[Records excerpted from a collection]
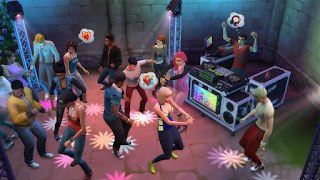 The Sims 4 Get Together Full Version PC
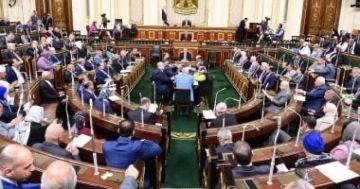 خارجية النواب تستعرض قرار الجمعية العامة للاتحاد البرلمانى الدولى بشأن حل الدولتين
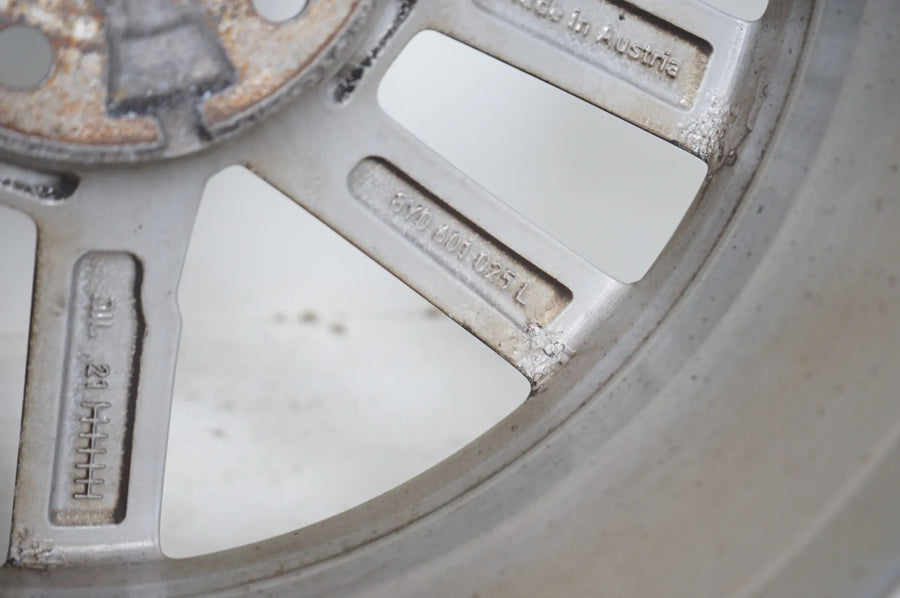 Audi A3 GY 8Y zimní pneumatiky zimní kola 205 50 17 palců 8Y0601025L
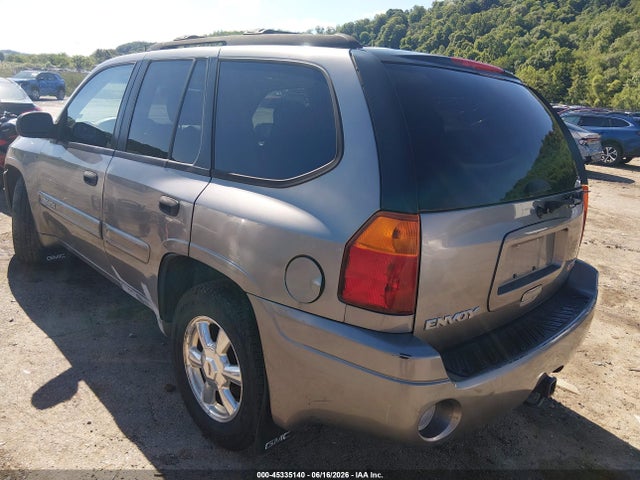 2005 Gmc Envoy Sle მანქანა იყიდება აუქციონზე, vin: 1GKDT13SX52355477, აუქციონის ნომერი: 45335140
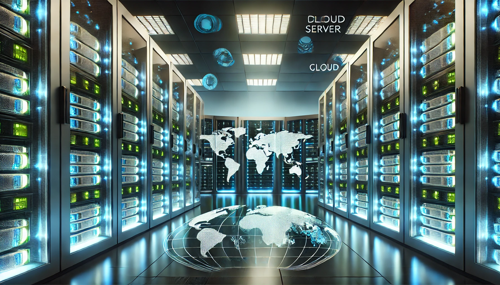 美国高防服务器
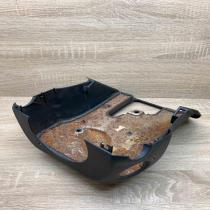Honda Civic Steering Wheel Trim   Steering wheel column trim Honda Civic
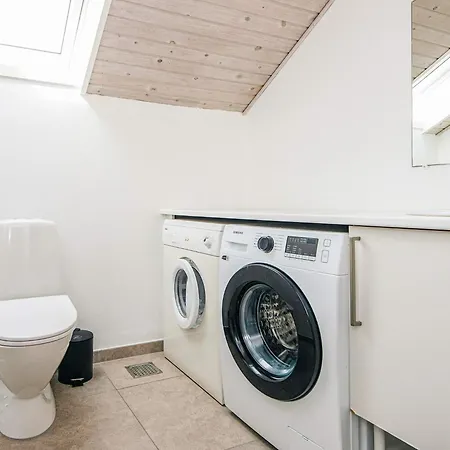 Tranquil Oasis In Henne Strand-by Traum Henne Strand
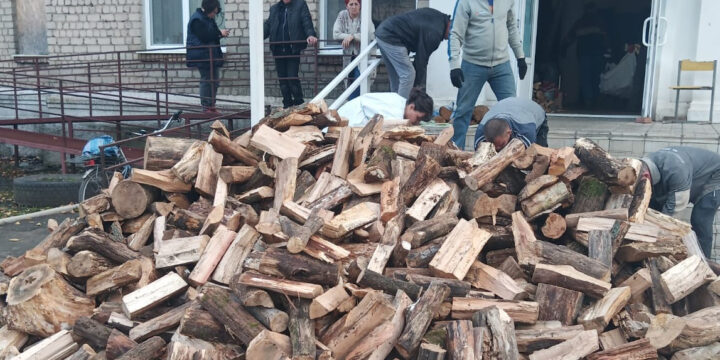Дякуємо всім небайдужим волонтерам і фондам за підтримку та надану допомогу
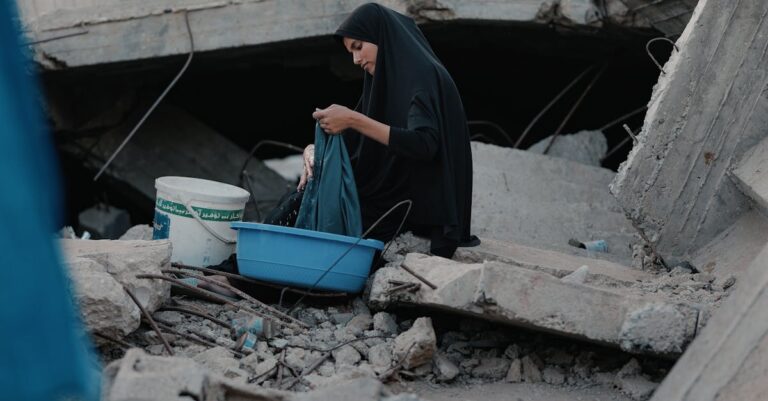 reconstrucție Gaza bani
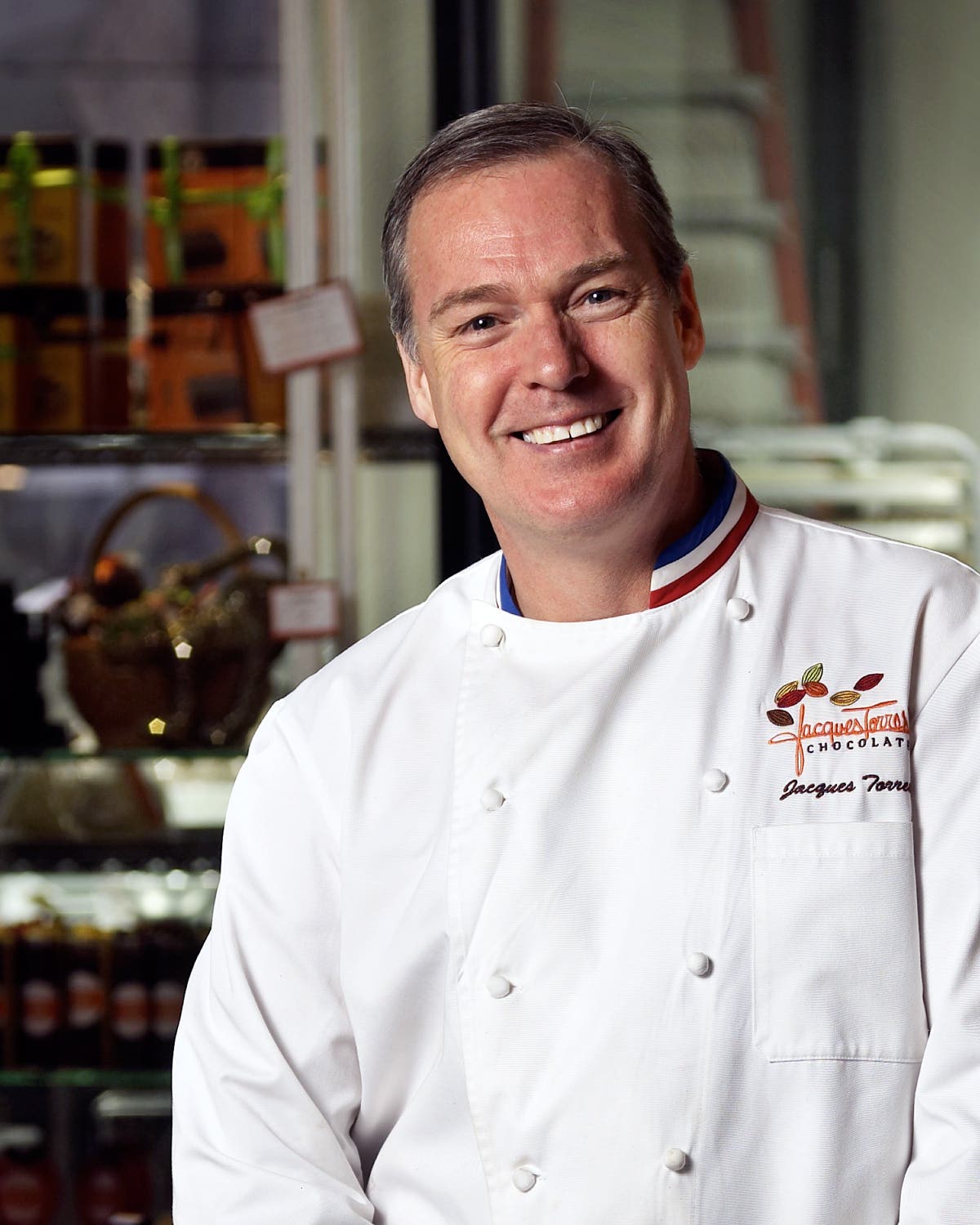The Tenth Degree: Jacques Torres The Tenth Degree: Jacques Torres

What needs to be done: Reproduce the lines above, exactly and exclusively, from the line containing "Honda Civic Steering" down to the last line, both included; pictures are not part of the copy.

Result of this exercise:
Honda Civic Steering Wheel Trim   Steering wheel column trim Honda Civic
 Tranquil Oasis In Henne Strand-by Traum Henne Strand
Дякуємо всім небайдужим волонтерам і фондам за підтримку та надану допомогу
 reconstrucție Gaza bani
The Tenth Degree: Jacques Torres The Tenth Degree: Jacques Torres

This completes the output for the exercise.